Übrigens: daß es sich bei Herrn Schecks Äußerung um eine intellektuellen Dünkels handelt, dafür ist nach Herrn Sathoms Meinung auch ein Indiz, daß Herr Scheck sich zugleich über die Exkursionen der Frau Charlotte Roche in ihre Feuchtbiotope abfällig äußert, indem er diesen vorwirft, die „Reaktion im Gewand der Avantgarde“ zu sein. Wohlgemerkt: auch Herr Sathom steht dem Reaktionären ablehnend gegenüber; doch meint Herr Sathom, daß Herr Scheck, indem er „Reaktion“ einfach als Schlagwort hinwirft, sich vor Allem einer bestimmten in-group zuordnet, also erklärt, zu den Nicht-Reaktionären, selbst somit implizit zur wirklichen Avantgarde (= nicht nur deren Gewand tragend) zu gehören. Daß Herr Scheck fast gleichzeitig Platitüden über Obdachlosenzeitungen von sich gibt, also selbst recht reaktionär (jedenfalls konservativ-dünkelhaft) daherredet, scheint Herrn Sathom ein Hinweis, daß es mit seiner Ablehnung des Reaktionären nicht weit her sein kann; vielmehr meint Herr Sathom, daß sämtliche Begriffe – Reaktion, Avantgarde und Obdachlosenzeitung – beliebig sind und nur Redner und Zielpublikum als Angehörige einer bestimmten Gruppe kenn- und auszeichnen sollen. Als Angehörige einer Elite, einer Avantgarde eben, jedenfalls einer, die „über“ Obdachlosenzeitungen wie auch Reaktion steht, nämlich über diese abwertend urteilen kann. Einer Avantgarde, der anzugehören man wie gesagt so sicher ist, daß man selbst auf Klischees von vorgestern zurückgreifen kann, ohne darin einen Widerspruch dazu zu sehen, nicht reaktionär sein zu wollen. Wäre Herrn Schecks Abneigung der Reaktion hingegen echt, wäre kaum zu erklären, wie er eine dem entgegenstehende Einstellung äußern kann, eine spießige, bourgeoise Abfälligkeit nämlich, es sei denn, beide Begriffe wären eben in Wirklichkeit objektiv inhaltsleer, und dem Herrn Scheck nur subjektiv bedeutsam, Eckpunkte seiner Identität und Denkstereotypen, anhand derer er sich selbst definieren und auszeichnen kann.

A propos in-group: solche Äußerungen fallen ja gern, wenn man unter sich ist; die hier aufgegriffene verdankt ihre Existenz vielleicht auch der sicheren Gewißheit, daß Obdachlose wohl nicht druckfrisch gucken.

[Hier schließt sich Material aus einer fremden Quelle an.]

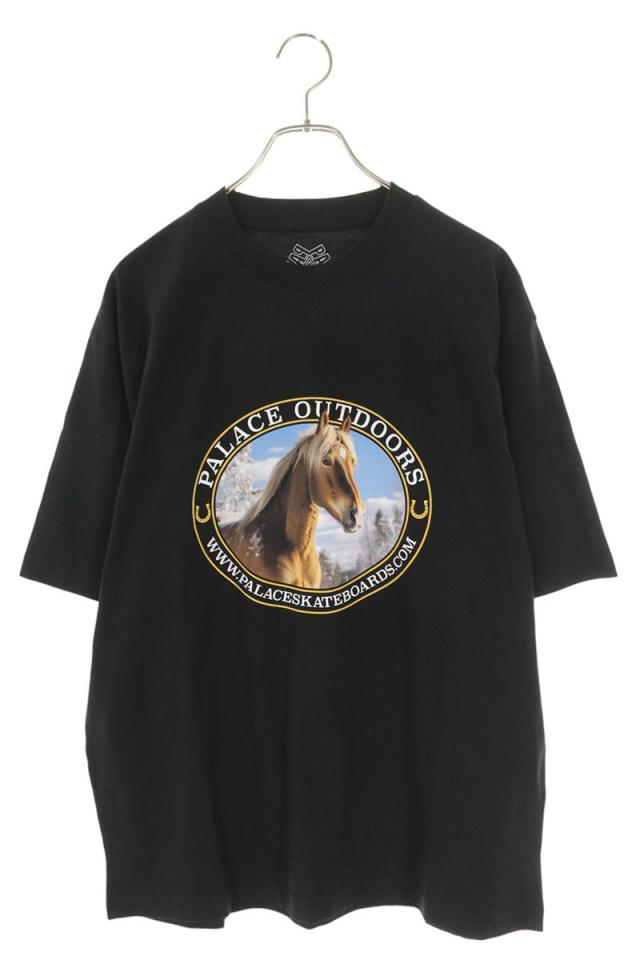 パレス サイズ:L  24AW  EQUESTRIAN T-SHIRT ホースプリントTシャツ 中古 BS99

Bei alledem ist’s Herrn Sathom keineswegs darum bestellt, den Herrn Scheck anzugreifen, noch ihm persönlich eine verächtliche Einstellung gegenüber Obdachlosen anzudichten; sondern vielmehr darum, eine bestimmte Einstellung zu brandmarken. Und leider konnte Herr Sathom, sei’s in Kolumnen oder Artikeln, sei’s in der persönlichen Begegnung, nur allzu oft feststellen, daß die hier beschriebene solche eine dem gebildeten Deutschen vielleicht nicht mehr hundertprozentig allgemeine, jedoch eine – gerade bei den „Erfolgreichen“ – immer noch weit verbreitete ist (denn letztlich: Herrn Schecks Rede richtet sich ja an ein Publikum – eines, von dem er wohl annehmen muß, daß es seine Aussagen bejaht). So meint Herr Sathom, daß Redner und Angeredete wohl ein gemeinsames gedankliches Koordinatensystem teilen müssen, in welchem eine solche Äußerung unverfänglich, und die Verwendung bestimmter Etiketten zur Kennzeichnung von literarischer Produktion, die keinen Genuß bereitet, sinnvoll scheint – weil alle einen Horizont teilen, der sicherstellt, daß sie das Etikett gleich bewerten.